Americans United for Separation of Church and State applauded today’s decision by the 4th U.S. Circuit Court of Appeals that affirmed a Maryland public school district is not required to fund a child’s religious education.
Americans United and allies had filed a friend-of-the-court brief in Leiman v. Smith, urging the court to reject the argument that the Leiman family of Montgomery County was entitled to tuition reimbursement for their special-needs child under the Individuals with Disabilities Education Act (IDEA). The brief says the First Amendment does not require government to provide religious instruction to any student.

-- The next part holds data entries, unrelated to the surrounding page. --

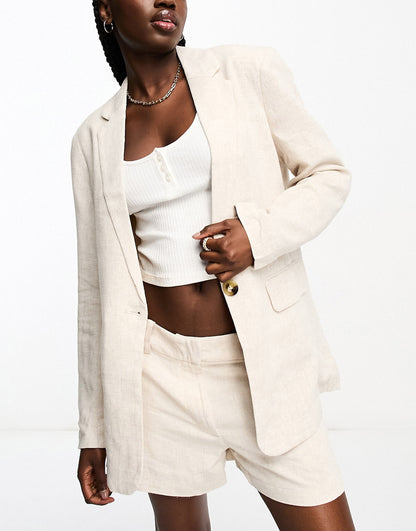 Vero Moda relaxed linen touch suit blazer co-ord in oatmeal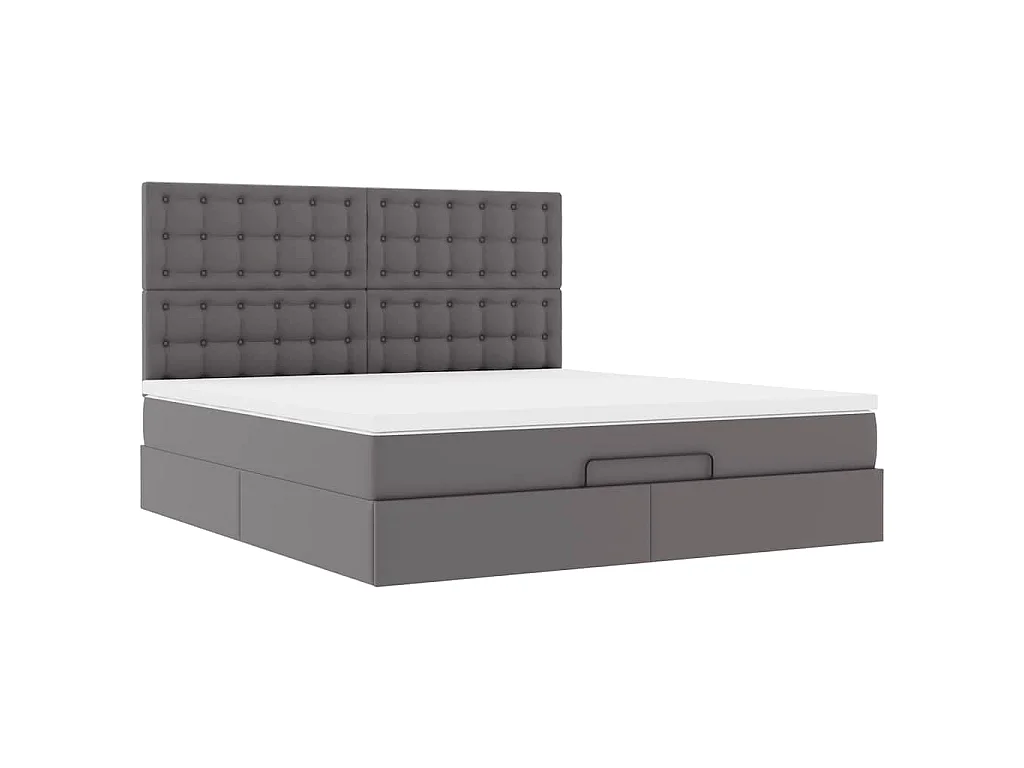 Ottoman bed met matras 180x200cm kunstleer grijs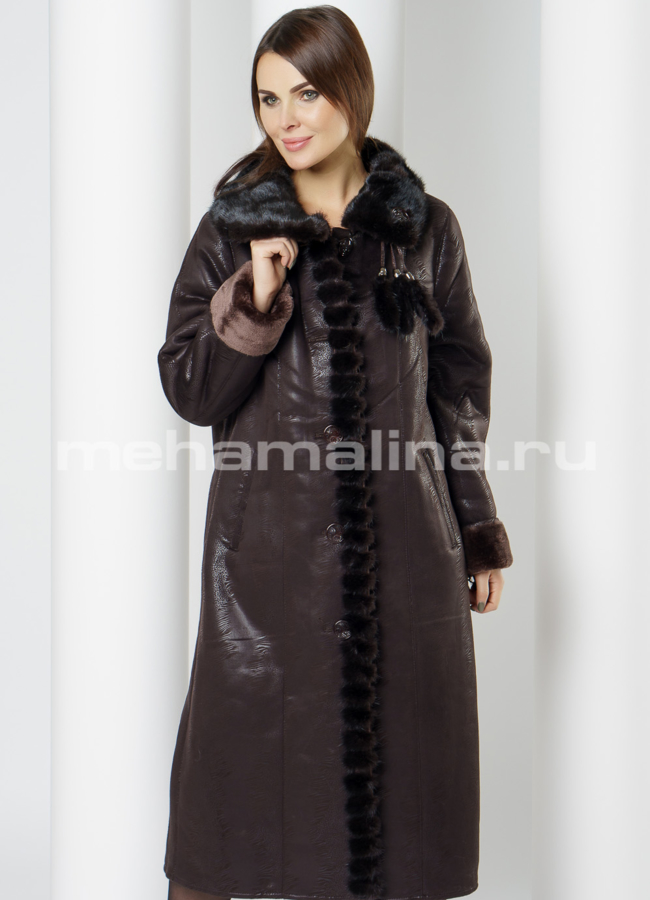 Удлиненная эко дубленка с отделкой из норки модель № J010 универмаг малина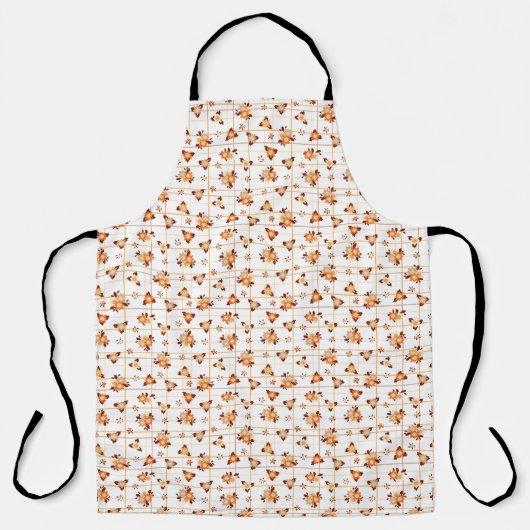 Oranje herfstbloemen op een witte achtergrond schort (Voorkant)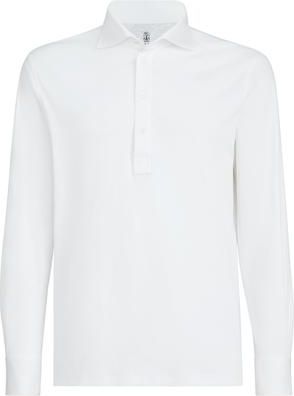 Brunello Cucinelli Polo with shirt collar in White at Nordstrom, Size Xxx-Large Eu
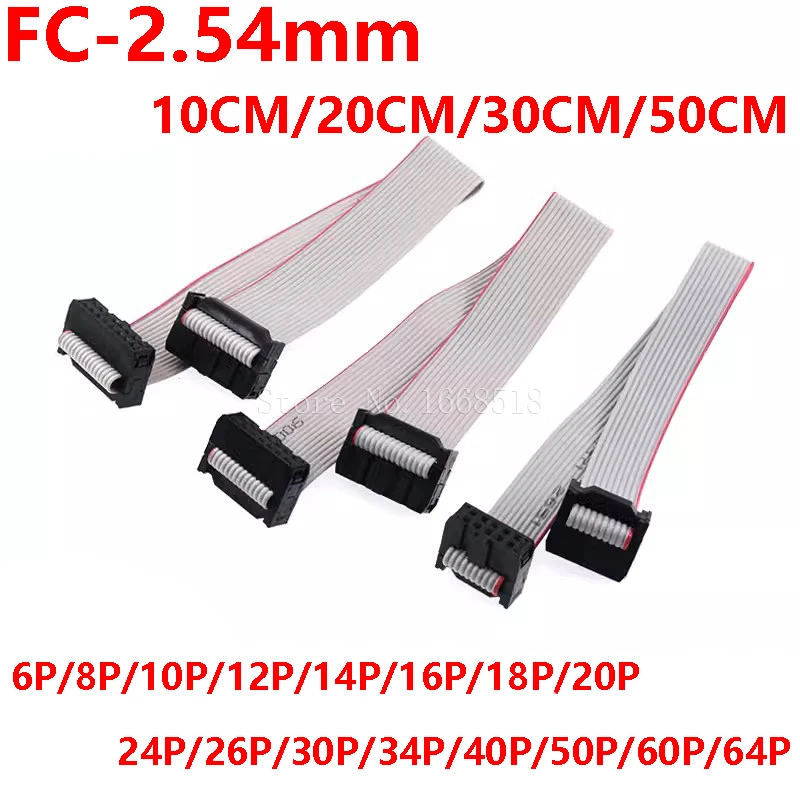 1Pcs 2.54mm Pitch JTAG ISP Gray Flat Ribbon Data Cable FC-6/8/10/12/14/16/18/20/24/26/30/34/40/50 Pin FOR DC3 F/F IDC Box Header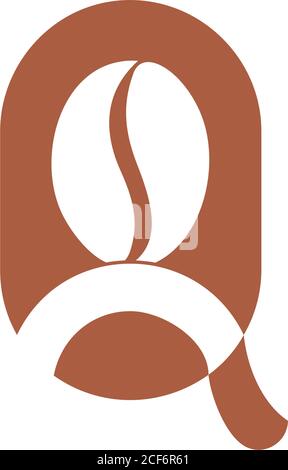 lettre q géométrique marron haricot ovale logo vecteur Illustration de Vecteur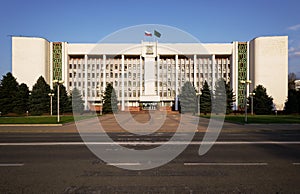 Maikop, Russia - April 26, 2019: House Government of Republic of Adygeya, Soviet modernism era brutalism building photo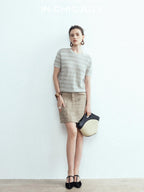chicjuly French Relaxed Knit Striped Minimalist Women's Linen Short Sleeve T-shirts
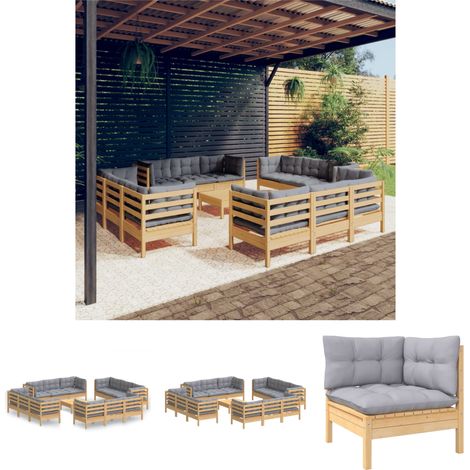 YOUTHUP 13-tlg. Garten-Lounge-Set mit Grauen Kissen Kiefernholz (1/5)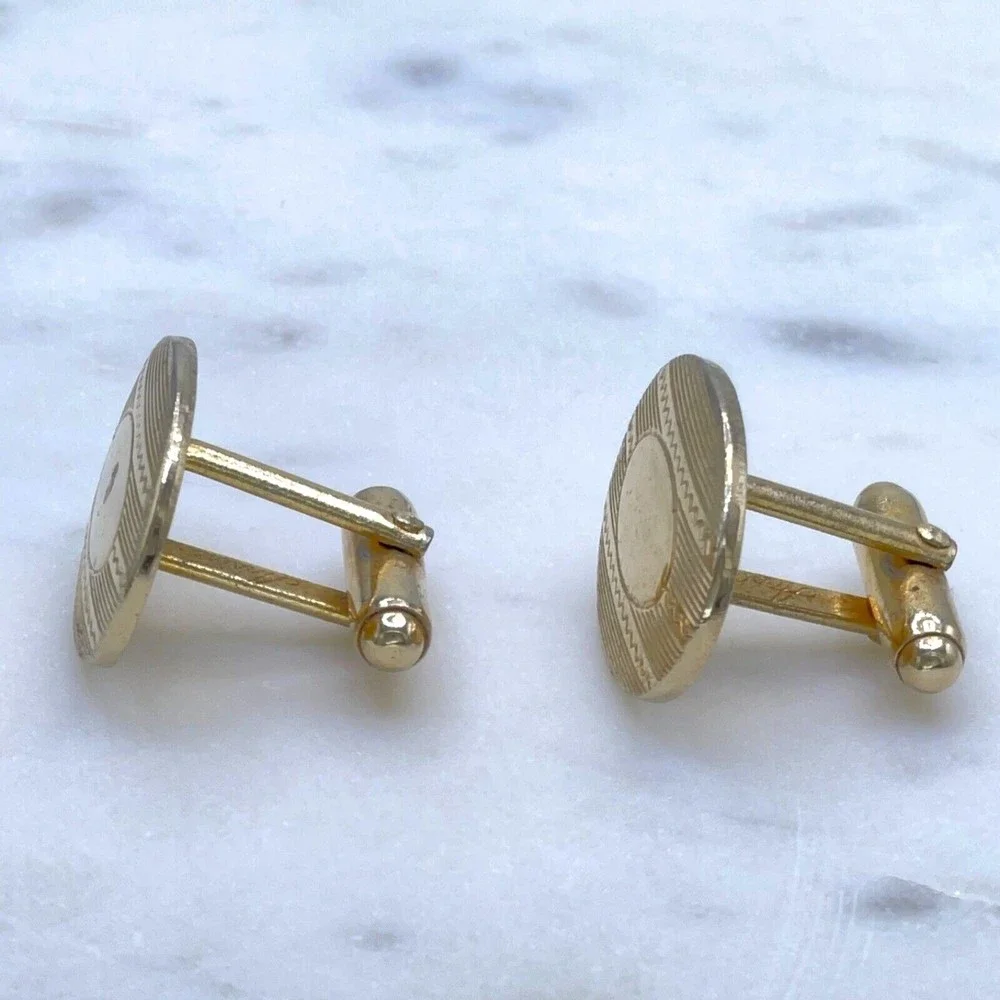 Mens Vintage Signed Anson Oval Gold Tone Textured Striped Bullet Back Cufflinks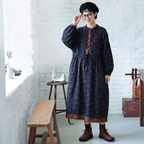 小花柄  長袖 スタンドカラー ウエストドローコード レース裾 ゆったり ナチュラル 秋冬ワンピース M ネイビー
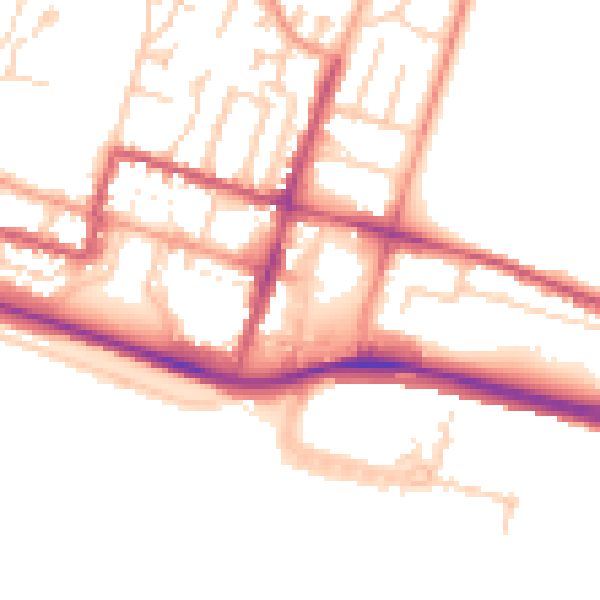 Daytime road noise heatmap for BN2 5TG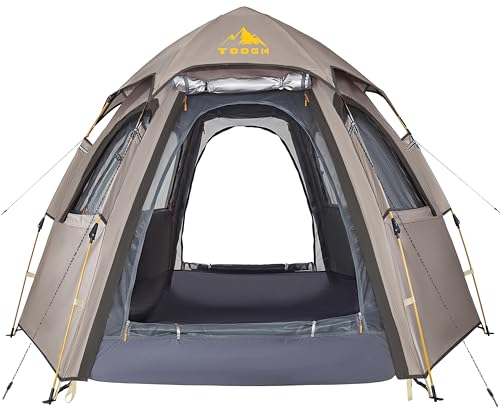 Toogh Camping Tent with Instant Setup, 2/3 Person Weatherproof Tent Easy Quick Set Up in 60 Seconds with Rainfly Backpack Tent for Family Camping & Hiking, Upgraded Ventilation,Center Height 66-inch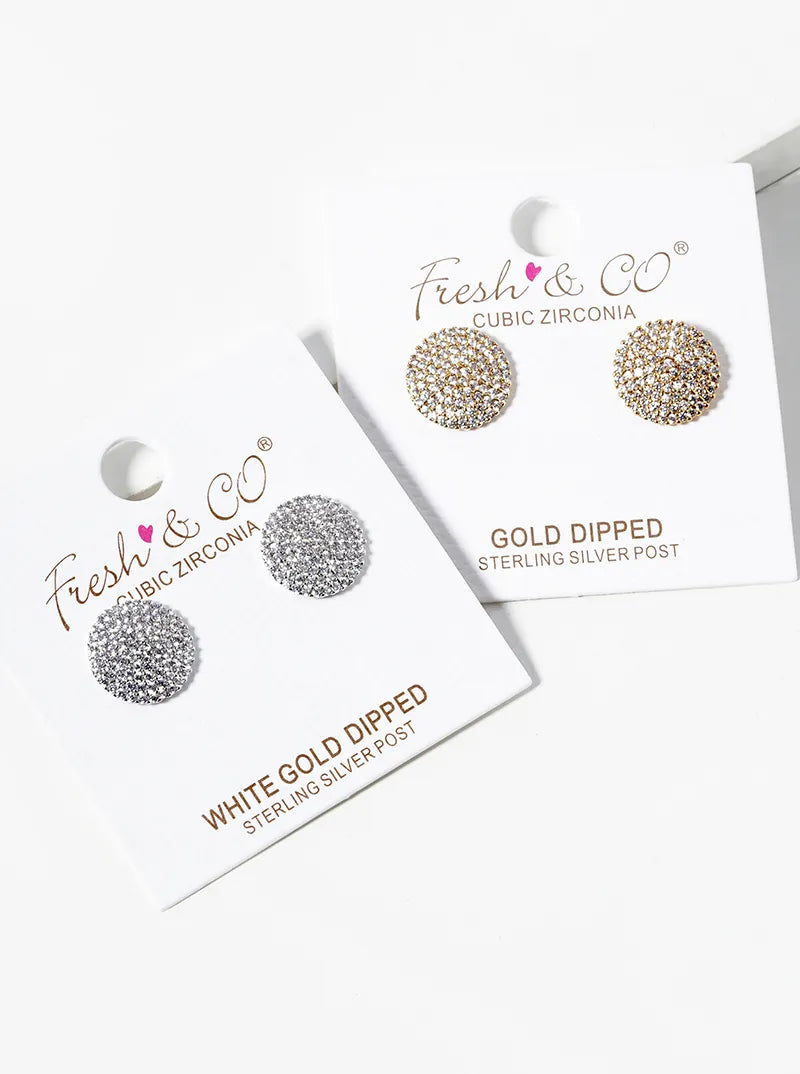 18K Gold Dipped 11mm CZ Pave Round Statement Post Stud Earrings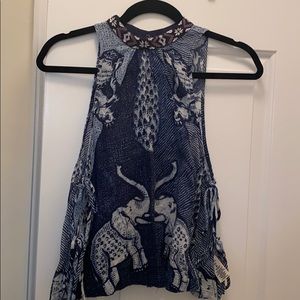 Free People Blue elephant tank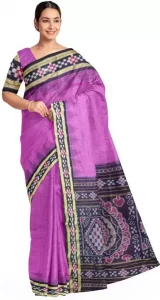 Printed Sambalpuri Pure Cotton Saree  (Purple)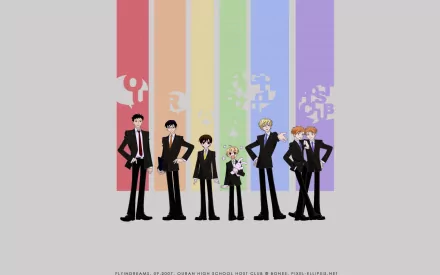 A colorful HD wallpaper featuring characters from Ouran High School Host Club, showcasing the host club members in stylish attire against a vibrant striped background.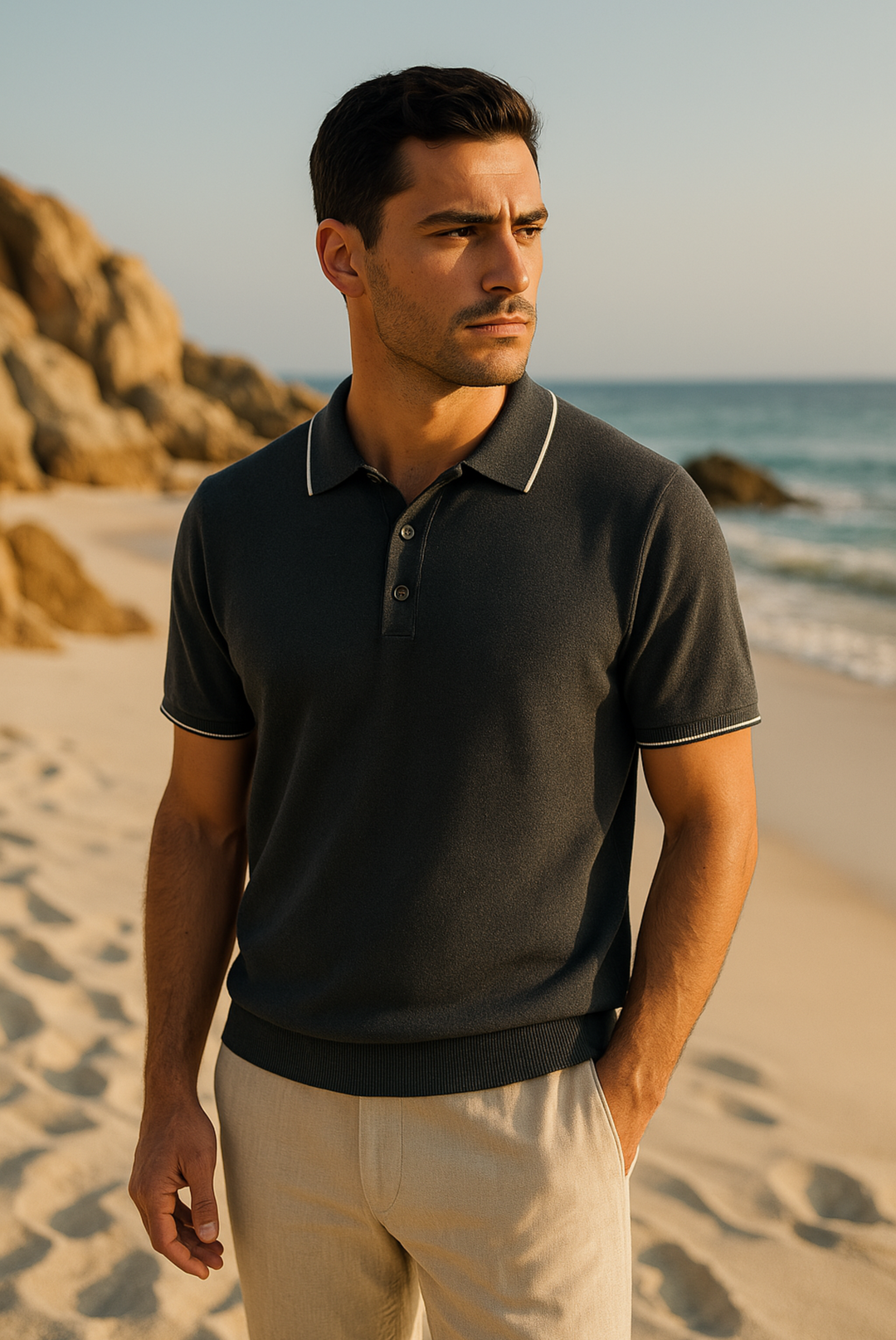 Stylish men's polo shirt made of cashmere-merino wool – Miro-S-Nora Luxe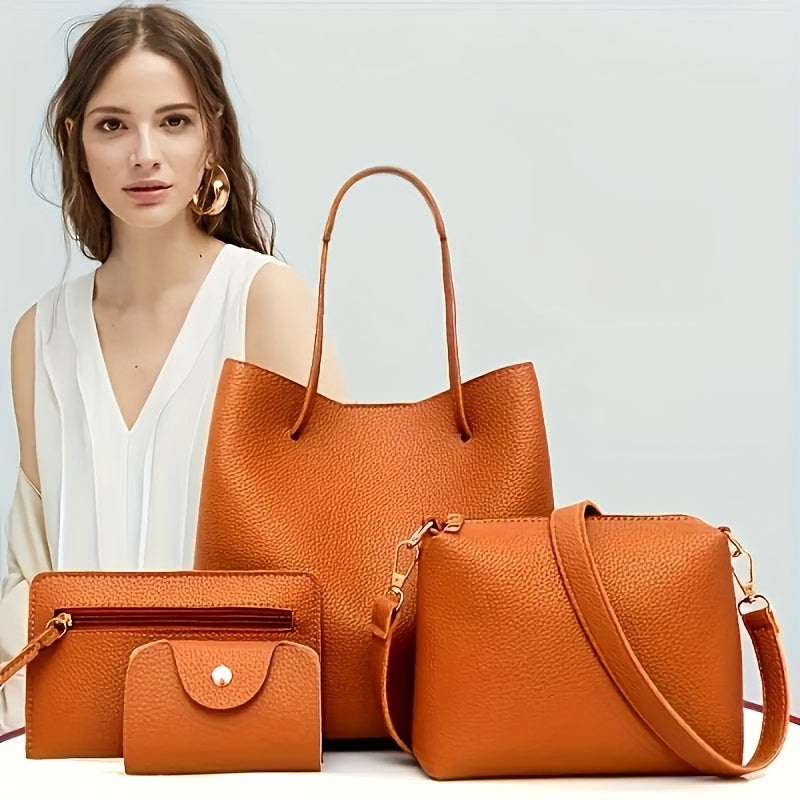 4 ta qora rangli, lychee tuzilishiga ega nafis sumkalar to'plami. Tote sumkasi, hamyon, magnit yopilishi va polyester astariga ega yelka kesim sumkasi kiradi.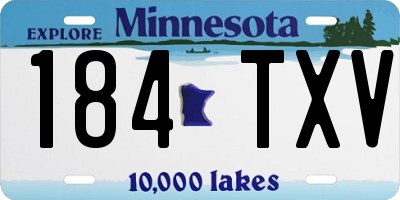 MN license plate 184TXV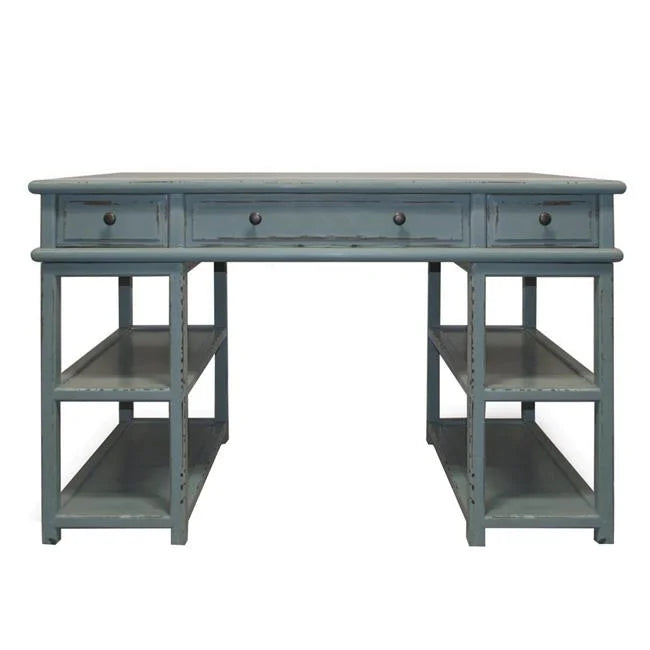 51 in. Distressed Blue Office Desk with 3 Drawers & 4 Shelves Q424092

“The Montgomery County public schools are willing and able to provide an appropriate education for the Leimans’ son,” said Richard B. Katskee, Americans United’s legal director. “The family is free to seek private religious instruction for their child, but they’re not entitled to have taxpayers cover the cost.”
Akiva and Shani Leiman have conceded that their child, identified as M.L., could receive an appropriate education through a public school program. But because they want M.L. to receive Jewish-themed lessons, they argue that M.L. should be sent to a Jewish school – and that Maryland taxpayers should foot the bill. They have argued that Jewish teachings are vital to M.L. so that he can learn how to live in his Orthodox community.
Both an administrative-law judge and a federal district court rejected these arguments; today, the 4th Circuit affirmed the lower court’s decision.
AU’s brief was written by Katskee and former AU Madison Fellow Carmen Green. The American Civil Liberties Union, ACLU of Maryland, Baptist Joint Committee for Religious Liberty, Central Conference of American Rabbis, Jewish Social Policy Action Network, People For the American Way Foundation, Union for Reform Judaism and Women of Reform Judaism joined the brief.
Americans United is a religious liberty watchdog group based in Washington, D.C. Founded in 1947, the organization educates Americans about the importance of church-state separation in safeguarding religious freedom.